What we were missing, is that df_main = df_main.append(df_temp)
is placed in a slightly wrong place. On first iteration it works well, pd.to_datetime(df_main['timeStamp'], unit='s')
gets an str
type with Linux epoch and gets converted to pandas._libs.tslibs.timestamps.Timestamp
.
But on next iteration df_main['timeStamp']
already has the Timestamp type and it gets appended with str
type, so we get a column with mixed type. E.g.:
type(df_main['timeStamp'].iloc[0]) == type(df_main['timeStamp'].iloc[-1])
This results with False. Hence when trying to convert Timestamp to Timestamp one gets an error featured in question.
To mitigate this we can place .append()
below the conversion and do this conversion on df_temp
instead of df_main
, this way we will only append Timestamps to the resulting DataFrame and the code below with if
clause will work fine.
As a side note
Another small change I've made was datetime.date(2022, 1, 1)

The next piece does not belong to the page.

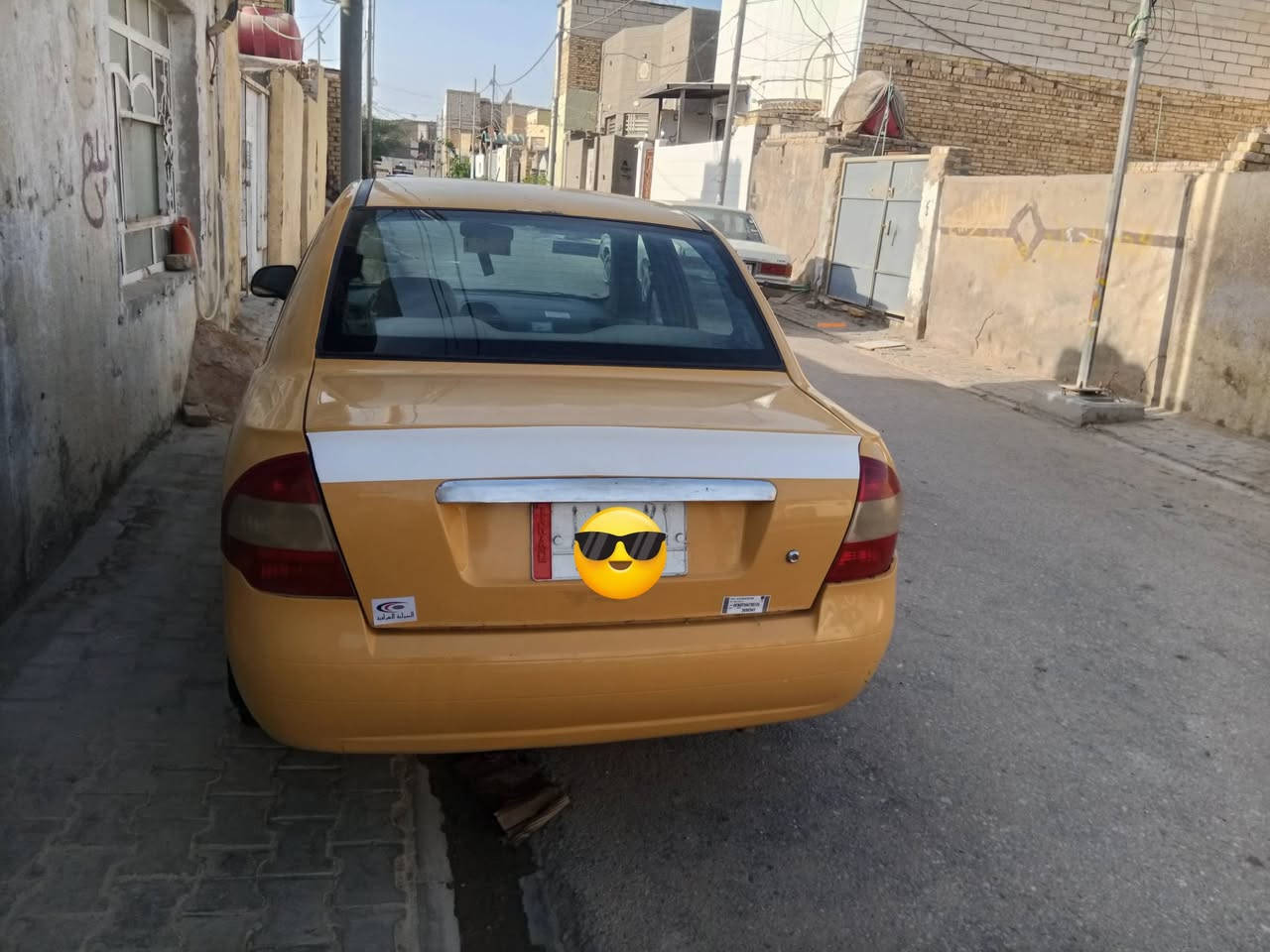 موديل ٢٠١٥ • مكفوله • ديوانية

. This change was not needed, but the way one works with datetime
depends on how this library was imported, so it's worth mentioning:
import datetime
datetime.date(2022, 1, 1)
datetime.datetime(2022, 1, 1).date()
from datetime import datetime
datetime(2022, 1, 1).date()
All the above is legit and will produce the same. On the first import module
gets imported, on the second one type
gets imported.
Alternative solution
Conversion to Timestamp takes time. If the API provides Linux epoch dates, why not use this date for comparison? Let's add this somewhere where you define wallet_addresses
:
reference_date = "01/01/2021"
reference_date = int(time.mktime(datetime.datetime.strptime(reference_date, "%d/%m/%Y").timetuple()))
This will result in 1609448400. Other stack overflow question as reference.
This integer can now be compared with timestamps provided by the API. The only thing left is to cast str
to int
. We can have your code left intact with some minor changes at the end:
<< Your code without changes >>
df_main['timeStamp'] = df_main['timeStamp'].astype(int)
if min(df_main['timeStamp']) < reference_date:
pass
To make a benchmark I've changed while True:
to for _ in range(0,4):
to limit the infinite cycle, results are as follows:
- Initial solution took 11.6 s to complete
- Alternative solution took 8.85 s to complete
It's 30% faster. Casting str
to int
takes less time than conversion to TimeStamps, I would call this a preferable solution.
Future warning
FutureWarning: The frame.append method is deprecated and will be removed from pandas in a future version. Use pandas.concat instead.
It makes sense to comply with this warning. df_main = df_main.append(df_temp)
has to be changed to df_main = pd.concat([df_main, df_temp])
.
As for current 1.5.0 version it's already deprecated. Time to upgrade!